Solar Victoria, which oversees the Solar Homes program that has delivered more than 257,000 rooftop solar systems totalling 1.7 GW since it was introduced in 2018, said it will be mandatory from 1 July 2024 for PV systems and batteries installed under the scheme to have an active internet connection installed as part of commissioning “where practicable to do so.”

“This will help to support more solar to be installed on the grid and allow customers to better participate in the grid of the future,” the agency said.

The notice to market also requires all new inverters bigger that 30 kVA installed under the solar and battery rebate scheme to be fitted with an interface protection system.

The nine new mandatory requirements and four recommendations also require retailers to provide a minimum five-year whole-of product warranty on all major components provided for solar sharing technology.

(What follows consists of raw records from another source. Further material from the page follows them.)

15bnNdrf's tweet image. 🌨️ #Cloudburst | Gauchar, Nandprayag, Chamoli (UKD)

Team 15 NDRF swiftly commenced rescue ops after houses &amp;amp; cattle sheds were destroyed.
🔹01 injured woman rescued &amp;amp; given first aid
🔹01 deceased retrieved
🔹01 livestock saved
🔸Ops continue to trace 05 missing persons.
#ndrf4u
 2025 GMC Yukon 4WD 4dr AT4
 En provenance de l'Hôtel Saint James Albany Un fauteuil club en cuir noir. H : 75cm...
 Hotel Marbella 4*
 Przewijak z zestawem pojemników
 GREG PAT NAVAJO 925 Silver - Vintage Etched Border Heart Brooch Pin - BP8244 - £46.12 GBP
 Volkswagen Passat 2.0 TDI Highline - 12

Retailers will also need to ensure installers are equipped with battery labelling kits compliant with Australian Standards, and remove replaced solar systems, or system components from the premises, unless otherwise agreed with the customer.

Customers investing in solar and home energy storage systems will also be provided with a financial battery system performance estimate by their retailer.

Other new rules include a ban on high-pressure sales tactics, and a requirement for all hot water heat pump installers to have the appropriate refrigerant handling licences,

The new recommendations relate to installer accreditation, e-waste record keeping, and increasing household access to hot water during a power outage.

Solar Victoria Chief Executive Officer Stan Krpan said the new mandatory requirements and recommendations are aimed at strengthening consumer protections, supporting Victoria’s circular economy, contributing to energy grid stability, and enhancing installation quality under the Solar Homes program.

“Meeting these requirements will help deliver the best safety and quality outcomes for Victorians who are enthusiastically making the switch to more energy efficient all-electric homes,” he said.

The release of the notice to market comes as the state government announced it will inject more than $43 million into the Solar Homes program.

The state said it will invest $37.7 million to deliver 35,000 rebates for energy efficient electric hot water systems and a further $6 million for interest free loans on solar and battery storage systems.

Solar Victoria said the program has in the past six year supported the installation of 257,000 rooftop PV systems, delivered 19,000 energy efficient hot water systems and almost 17,000 solar battery systems for Victorian households.